Enterprises that have several physical locations—branch offices, data centers, remote offices—often need robust, scalable, and resilient routing between sites. Static routes quickly become unwieldy and fragile. The Border Gateway Protocol (BGP), when configured correctly in a multi‑site context, enables dynamic, policy‑driven, failover‑capable routing between your sites.
In this article we’ll cover how to design, configure, and tune BGP across multiple sites—what settings and practices often get overlooked, how to minimize downtime risk, and how to manage routing policy for performance, security, and scalability.
What is BGP and Why Use It Between Sites
- BGP is a path‑vector protocol, designed to advertise and maintain routing information among autonomous systems (ASes) or between routers in different domains.
- In multi‑site enterprise networks, it enables dynamic route advertisement, failover, multipath redundancy, load balancing, and policy‑based routing.
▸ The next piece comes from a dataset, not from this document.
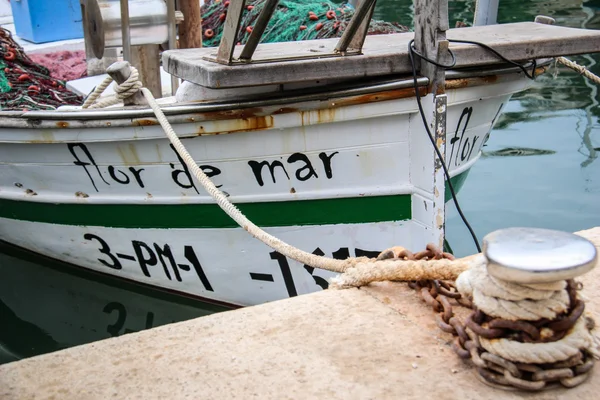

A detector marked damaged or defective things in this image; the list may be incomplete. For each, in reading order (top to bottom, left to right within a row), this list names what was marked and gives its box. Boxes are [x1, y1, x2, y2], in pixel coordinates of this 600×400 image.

rusty chain [384, 244, 596, 390]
- When you have several locations, especially with multiple ISPs or inter‑site WAN links, BGP avoids you having to manually configure static routes everywhere, and can dynamically adapt to link failures or path changes.
Key Design Considerations Before You Start
| Factor | Why It Matters |
|---|---|
| ASN Plan (single vs multiple ASNs) | Determines how your sites interconnect; whether you need iBGP or eBGP links, and how you advertise your prefixes externally. |
| Peering Topology | Full mesh? Hub‑and‑spoke? Partial mesh? Affects scalability and convergence time. |
| WAN Link Redundancy | Multiple WAN paths ensure failover, but you need consistent policies to avoid routing loops or blackholing. |
| Prefix Aggregation | Helps reduce routing table size, avoid propagation of many /32s or /24s across all peers. |
| Routing Policy (import/export) | Control which prefixes are advertised, which path is preferred, how to handle metric or local preference. |
| Security Controls | Authentication, prefix filtering, AS path filtering, avoiding route leaks. |
Step‑By‑Step: Configuring BGP Between Multiple Sites
Here’s a general procedure, with details that often go unnoticed.
1. Decide on iBGP vs eBGP Between Sites
- iBGP is typically used when multiple routers share the same ASN. It’s useful for internal site interconnections. In iBGP, each router must know routes via other routers; full mesh or route reflectors are needed.
- eBGP is used when connecting to routers in different ASNs—such as between your sites if you allocate different ASNs per site, or between your network and ISPs.
Choosing single ASN (with iBGP) vs. multiple ASNs (using eBGP between sites) has trade‑offs: single ASN with route reflectors is simpler for some control, but multiple ASNs give more isolation and policy control.
2. Establish Peering Links
- Use reliable, low‑latency WAN links between sites if possible.
- Use loopback addresses for BGP peering where feasible (and ensure IGP or static routes reach loopbacks).
- Set proper TTL and ensure peering works through your network (no blocking at intermediate firewalls).
3. Configure BGP Neighbors and Basic Settings
Typical settings include:
- Router BGP local ASN
- Neighbor configuration (IP, remote ASN)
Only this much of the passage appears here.